Exact copies of the lines below are the goal; any images in them are dropped.

== MATERIAL PROVIDED

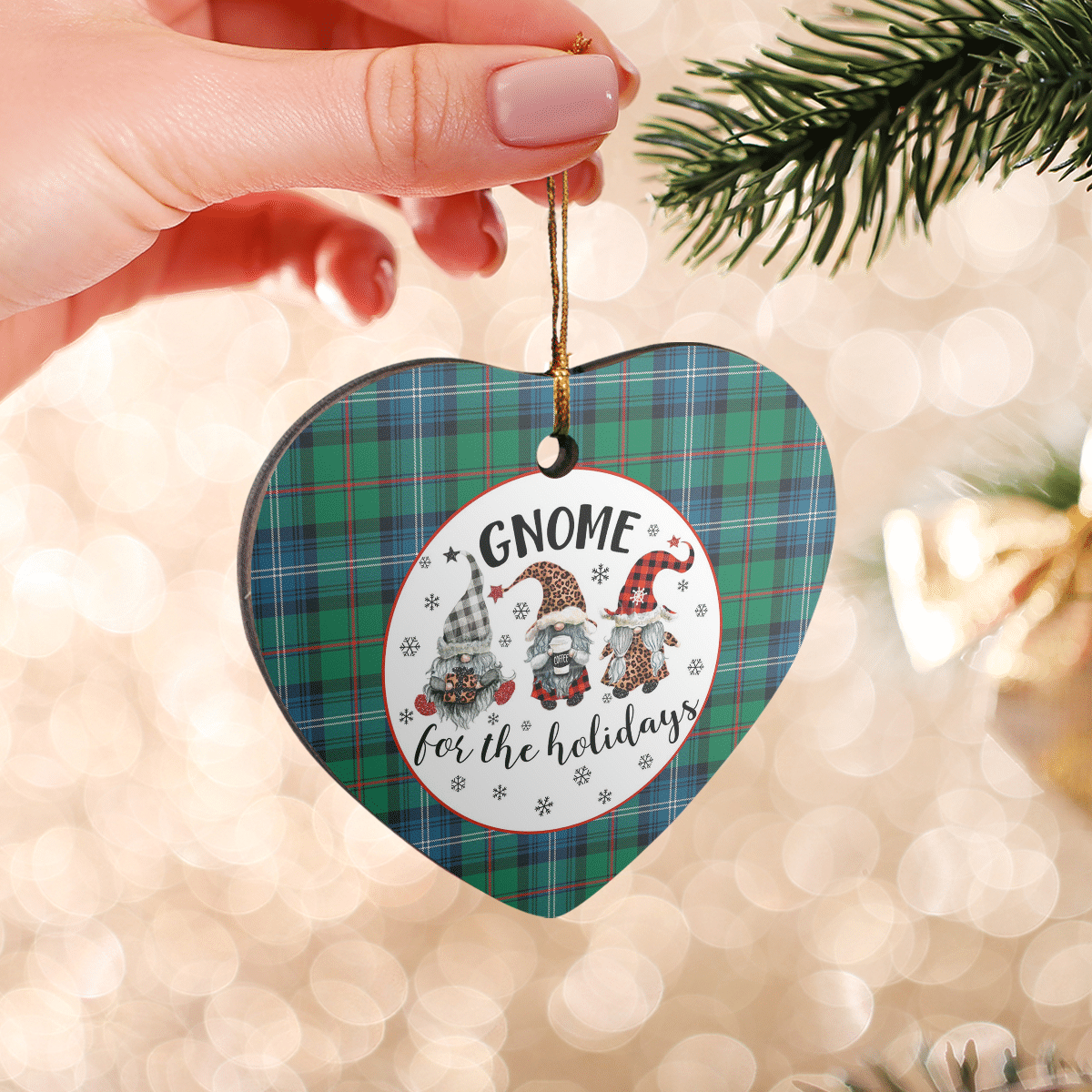 Clan Urquhart Ancient Tartan Tartan Crest Gnome Heart Ceramic Ornament DG95 Urquhart Ancient Tartan Tartan Christmas   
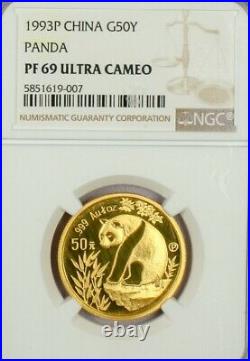 1993 China Proof Gold Panda 5-coin Set Ngc Pr69 Ultra Cameo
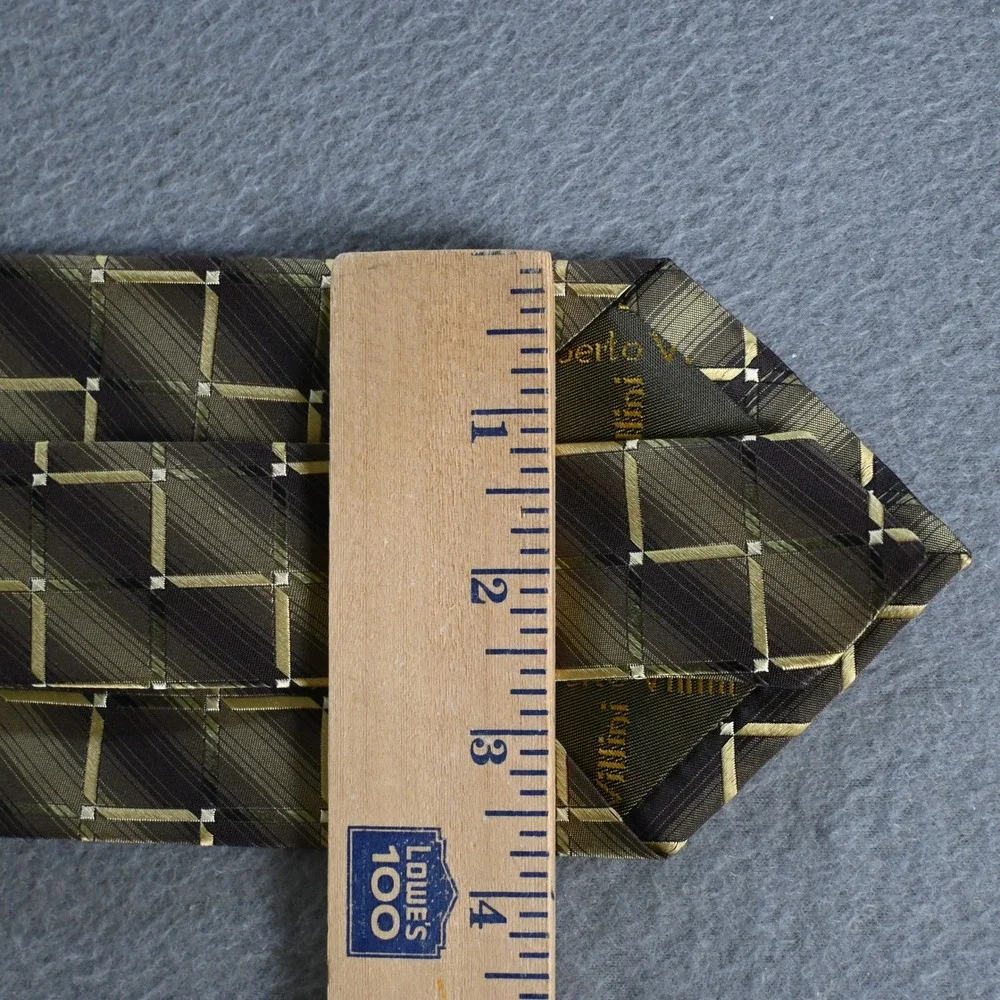 Roberto Villini Mens Collezione Geometric Plaid Silk Necktie OS Brown‎ Gold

====

■ **RESULT**:
 Clan Urquhart Ancient Tartan Tartan Crest Gnome Heart Ceramic Ornament DG95 Urquhart Ancient Tartan Tartan Christmas   
 1993 China Proof Gold Panda 5-coin Set Ngc Pr69 Ultra Cameo
 Roberto Villini Mens Collezione Geometric Plaid Silk Necktie OS Brown‎ Gold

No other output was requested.